Cloud computing and digital technologies, for example, are branded by many as "disruptive." New services and business models sweeping through markets, such as Uber and Airbnb, are called disruptive. Any startup employing technology to take on established or entrenched businesses is considered by many to be a disruptor. Read too many press releases, and your head will be spinning with all the disruption taking place with every new product tweak. But is it all true to the spirit of disruption, as outlined by Clayton Christensen in his groundbreaking 1997 book, The Innovator's Dilemma? Not really.

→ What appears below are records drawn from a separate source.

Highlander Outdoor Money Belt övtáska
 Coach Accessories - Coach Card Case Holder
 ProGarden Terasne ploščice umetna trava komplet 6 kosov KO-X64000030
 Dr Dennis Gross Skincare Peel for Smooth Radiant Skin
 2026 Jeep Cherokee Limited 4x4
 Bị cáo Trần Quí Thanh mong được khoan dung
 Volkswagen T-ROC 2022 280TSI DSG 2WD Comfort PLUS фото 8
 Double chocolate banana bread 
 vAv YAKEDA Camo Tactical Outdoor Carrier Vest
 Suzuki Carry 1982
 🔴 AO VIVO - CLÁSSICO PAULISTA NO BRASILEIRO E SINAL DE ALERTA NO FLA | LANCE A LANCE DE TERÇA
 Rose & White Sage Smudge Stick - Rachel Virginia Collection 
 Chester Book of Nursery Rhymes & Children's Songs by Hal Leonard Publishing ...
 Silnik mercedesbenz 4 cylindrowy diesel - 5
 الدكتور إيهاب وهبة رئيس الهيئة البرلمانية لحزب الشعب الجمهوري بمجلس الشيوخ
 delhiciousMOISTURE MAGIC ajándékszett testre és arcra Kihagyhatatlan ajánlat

Christensen's point is that disruptors are those companies that move into markets by taking on the low-margin end, serving unserved or underserved markets ignored by incumbents. Disruptors don't start out intending to compete with the market leaders. Rather, they start out with the intention of creating new markets that didn't exist before. They create markets, and then push their way up the chain, increasingly pushing incumbents into smaller, high-margin niches. Are businesses we consider "disruptors" doing this? In a recent article he co-wrote in the Harvard Business Review, Christensen and his co-authors take aim at what he considers gross misuse of the term he made famous, disruptive innovation.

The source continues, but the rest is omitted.